Car buyers have reasons beyond wavering loyalty to avoid troubled automakers. Buying a ticket on a bankrupt airline may cause you little pain, but when you buy a car, you enter a long-term relationship. You have a warranty, you need service and parts, and you want a decent price when you trade in the car down the road.

The warranty is one of the biggest stumbling blocks. It's likely that foreign carmakers would buy assets of a failing automaker, and the sale of any car brand would have to include the warranties. Stronger nameplates -- such as Cadillac, Chevrolet and Jeep -- are more likely to survive (along with their warranties) than, say, Saturn or Dodge.
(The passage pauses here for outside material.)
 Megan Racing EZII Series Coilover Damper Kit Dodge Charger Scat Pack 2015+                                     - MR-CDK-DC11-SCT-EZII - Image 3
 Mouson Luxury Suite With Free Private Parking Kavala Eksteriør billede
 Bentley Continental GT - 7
It's also possible that third-party companies would buy warranties without buying the brand or, if a carmaker declared bankruptcy, that the government would establish a warranty insurance fund to pay for repairs.

Parts could be in short supply temporarily as the manufacturers most closely allied to Detroit shake out. Part suppliers sell to both domestic and foreign brands, which could lead to a shortage of parts for their vehicles, too. But other suppliers would pick up the slack. Likewise, dealers would go out of business, but plenty would remain open and prepared to service vehicles -- especially because the service operations are the profit centers of dealerships.

You'll get a generous discount when you buy a discontinued car, but you'll also take a big hit on its resale value. When GM announced it was shutting down the Oldsmobile brand, people still bought them, sometimes at firesale prices. But the cars quickly depreciated. A year after Olds went out of business, two-year-old models had the value of other brands' comparable five-year-old cars, according to Kelley Blue Book.

Bottom Line

I wish the U.S. carmakers and the industrial Midwest all the best. No one wants to see the pain associated with job losses. But although I'd love to play the patriot card and recommend that you support the American carmakers, why take the chance? You have enough problems with your retirement and college funds to risk another hit on your personal finances.


If you need a car now, you're going to get a sweet deal on any number of foreign makes. If you'd rather buy American, at least wait and see what happens before you commit. If the Detroit carmakers can raise enough cash to keep operating until 2010, when concessions on health care and labor contracts kick in, they have a good shot at surviving long term.